It is not an unnatural demand that counsel should correspond with the character of the counsellor. How much Seneca and Bacon have lost in moral influence through the discrepancy between what they wrote and what they were! St. Paul's consistency comes out in a comparison between his advice in vers. 13, 14 and his revelation of himself in vers; 8, 9. The Corinthians were exhorted to —

I. VIGILANCE. Well, was Paul careless? He resolves to tarry at Ephesus. Here he had to watch —

1. Against the surprises of temptation. He was not ignorant of Satan's devices, and was incessantly watchful "lest Satan should get an advantage over him." "He kept under his body," etc.

2. Against the vicissitudes which might otherwise have thwarted his plans and marred his work. Acts 19. tells us of some of these vicissitudes and how Paul turned them to his own account. It was this Church he addressed when he urged this duty by the force of his well-known example (Acts 20:31).

3. For opportunities. It required no ordinary vigilance to detect in John's disciples the raw material of Christian missionaries, and to secure sufficient influence with the contradictory elements in the Jewish synagogue and the school of Tyrannus (cf. 1 Corinthians 9:19-22).

II. STEADFASTNESS. This quality is tested in two ways.

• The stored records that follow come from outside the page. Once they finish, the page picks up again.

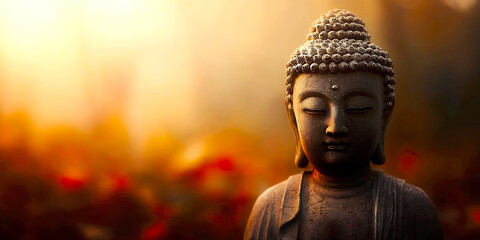 Aufkleber - Serene Buddha statue in tranquil setting reflecting peace and mindfulness : Generative AI
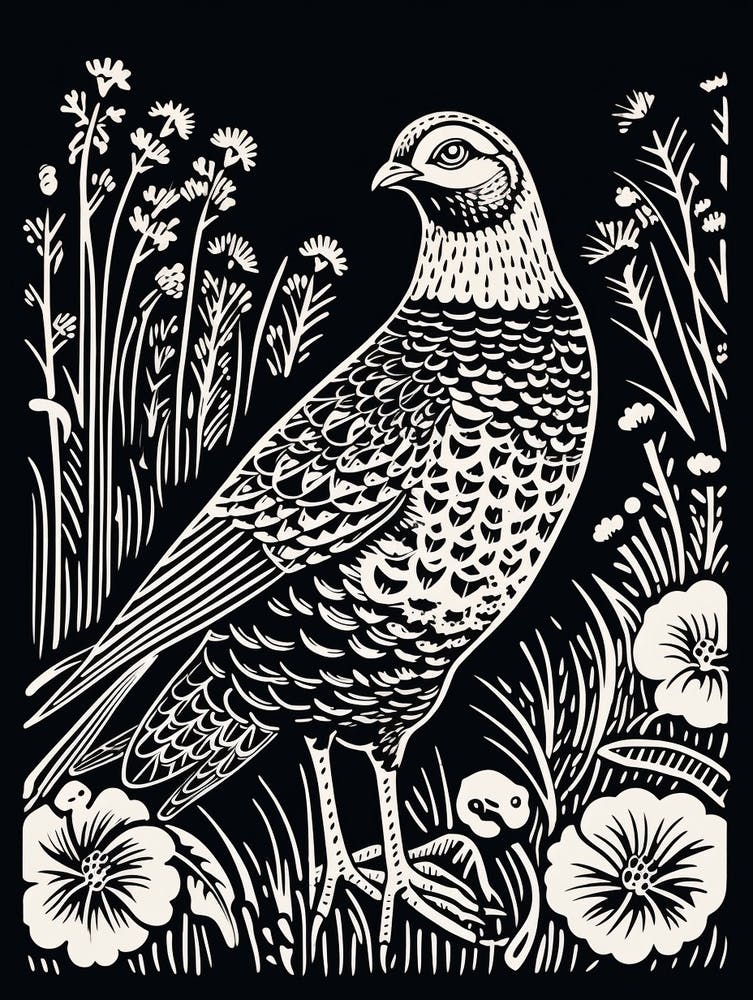 B&W Bird Linocut Grouse 2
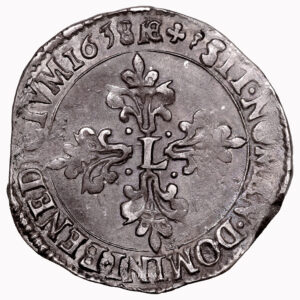 Monnaie France - Louis XIII - Demi Franc Juvénile Col Plat - 1638 N Montpellier-Revers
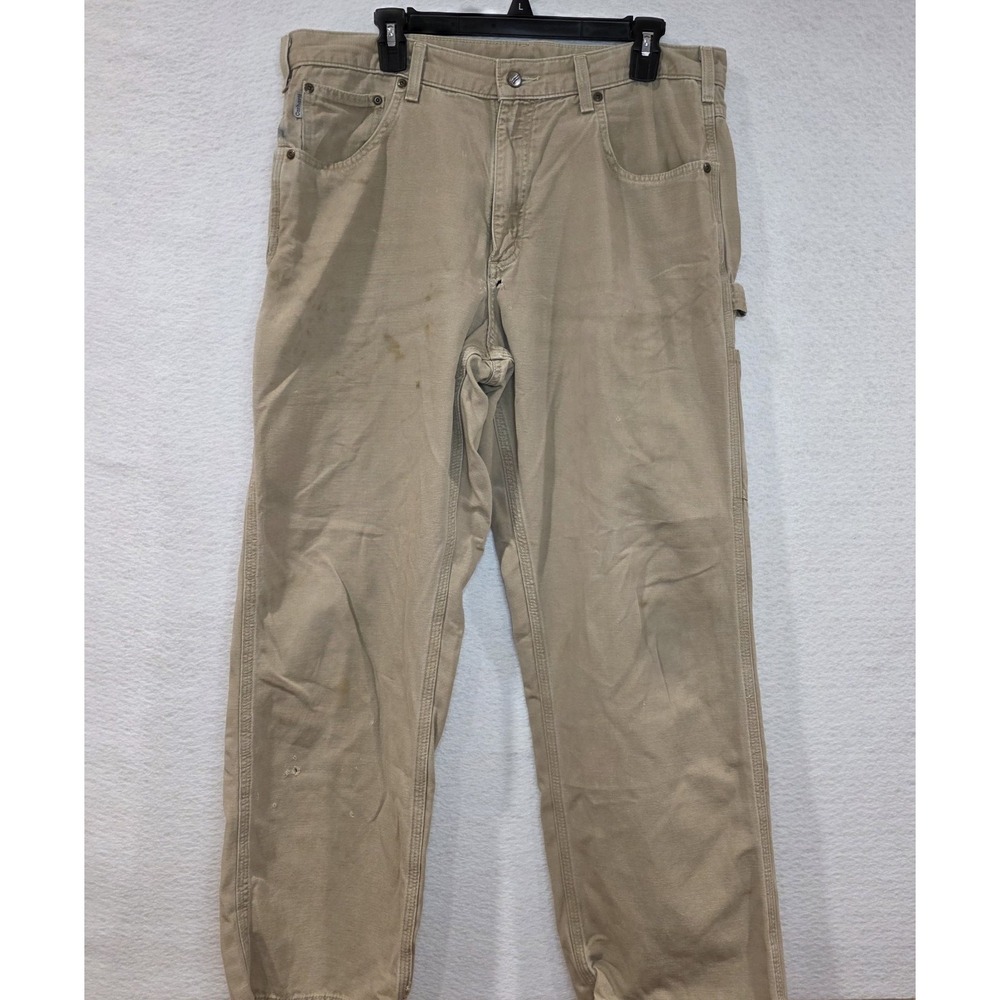 Carhartt Mens Canvas Loose Fit Beige Cargo Pants 36x30 *Damaged Work Pants* B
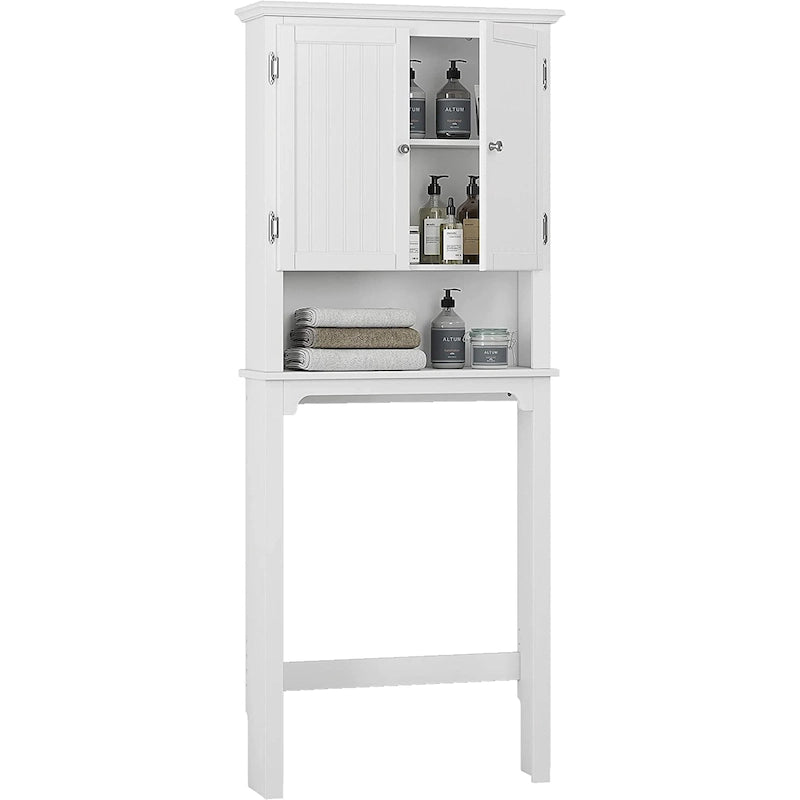 Meuble de rangement pour salle de bain au-dessus des toilettes, organisateur avec étagères réglables et doubles portes
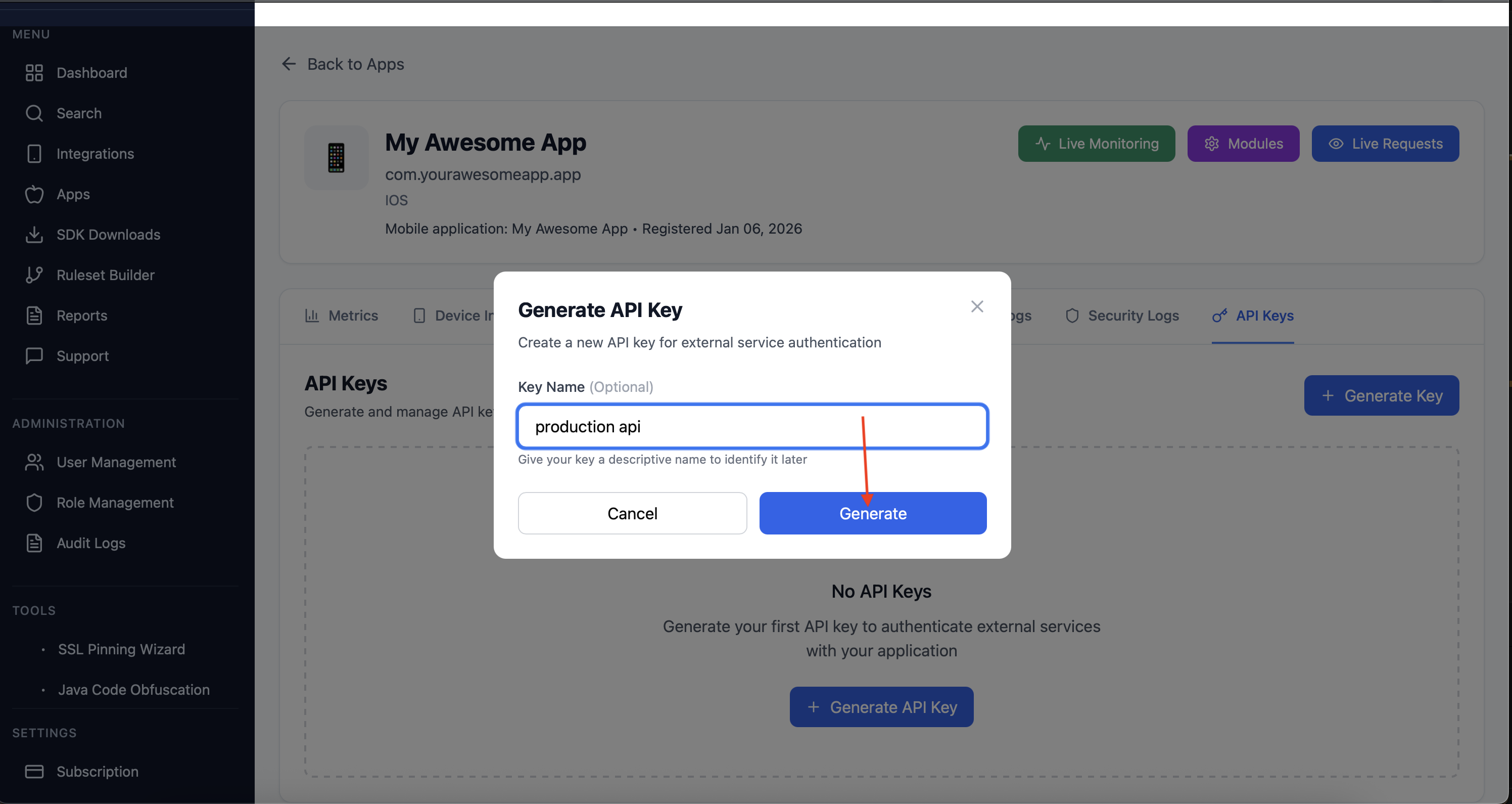 Name and generate API key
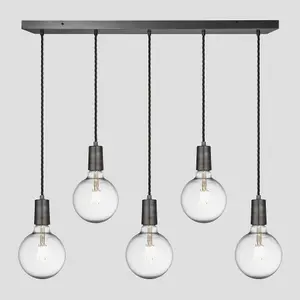 Industville Sleek Edison Cluster Lights, 5 Wire, Pewter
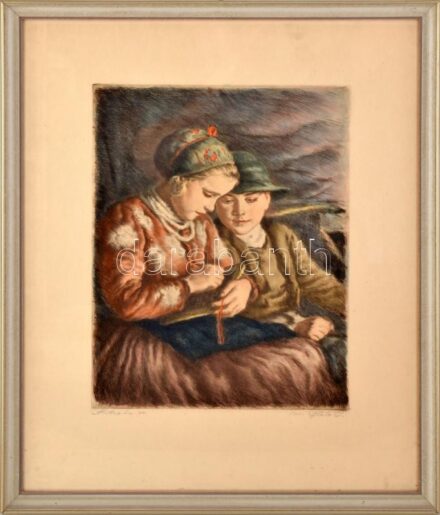 Glatz Oszkár(1872-1958)-Prihoda István(1891-1956): Betűvetés. Színes rézkarc, papír, jelzett: Glatz Oszkár és Prihoda István. Üvegezett keretben, 35×26,5 cm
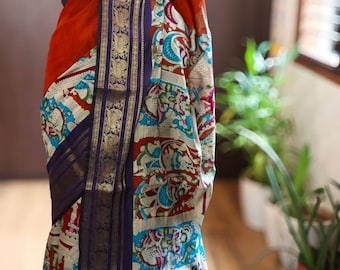 Rust Orange Kalamkari Print Saree | Navy Blue Zari Border | Half and Half Silk Sari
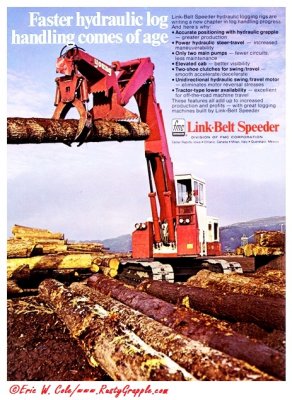 1973 Link-Belt  Ad  'Faster Hydraulics'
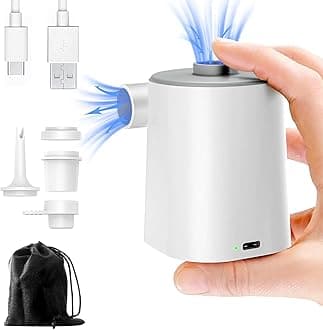 Mini Air Pump for Inflatables Portable, Electric Type-C Rechargeable Quickly Inflate Deflate for Pool Floats Air Mattress Swimming Ring Vacuum Storage Bags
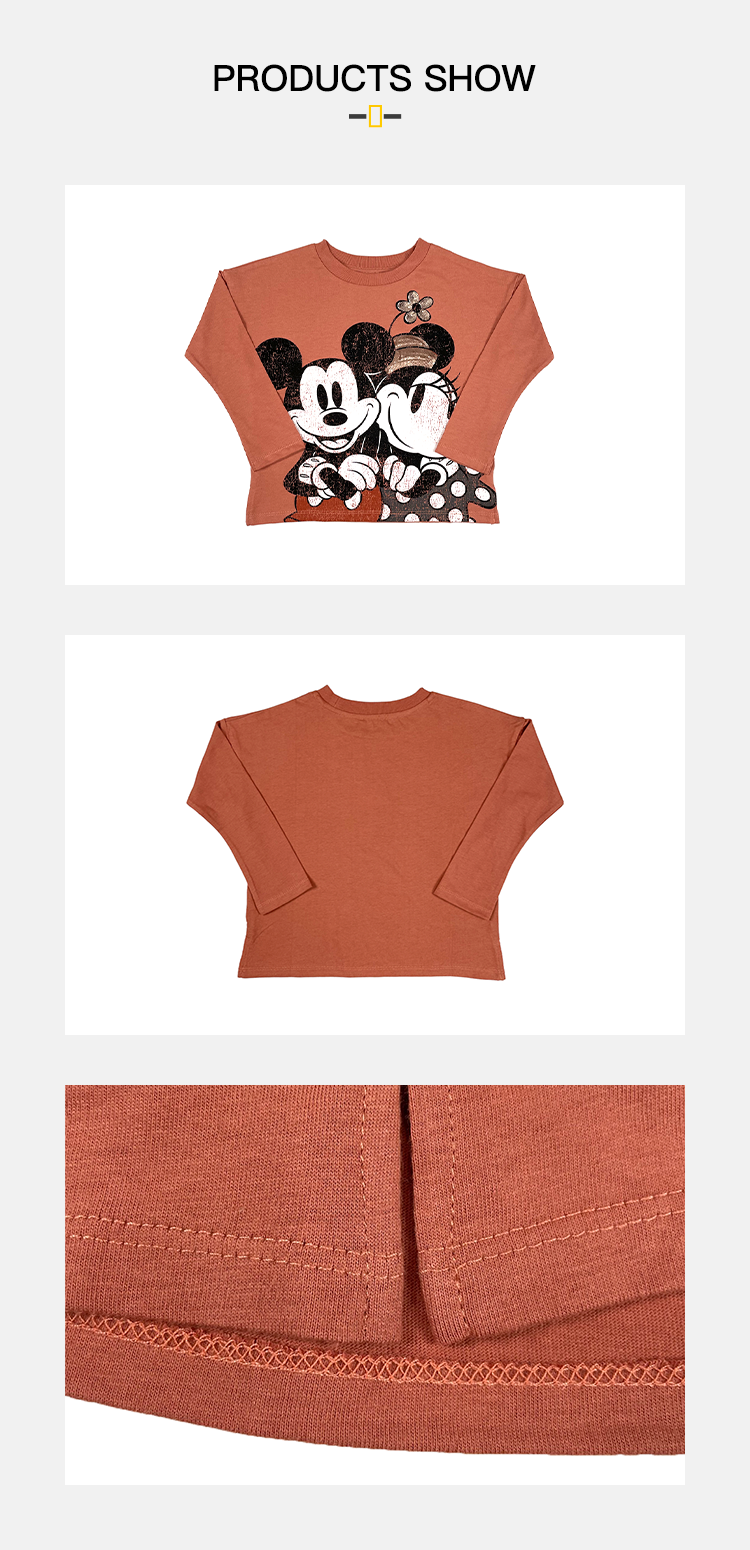 Jersey Fabric Customization O-neck Cartoon Girls Fashion Cotton Tshirt Sweatshirt For Kids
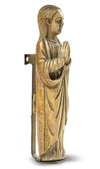 AN INDO-PORTUGUESE CARVED IVORY FIGURE OF THE VIRGIN, GOA,17TH-18TH CENTURY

1. By disheartening difficulties. These tried Paul to no ordinary degree in a city whose population "deserved to be throttled man by man," a city notorious for licentiousness, superstition, and idolatry. He was in jeopardy every hour; he died daily, yet his faith never wavered (1 Corinthians 4:9-13). No small portion of the trials enumerated in 2 Corinthians 11:23-28 must have fallen to his lot at Ephesus.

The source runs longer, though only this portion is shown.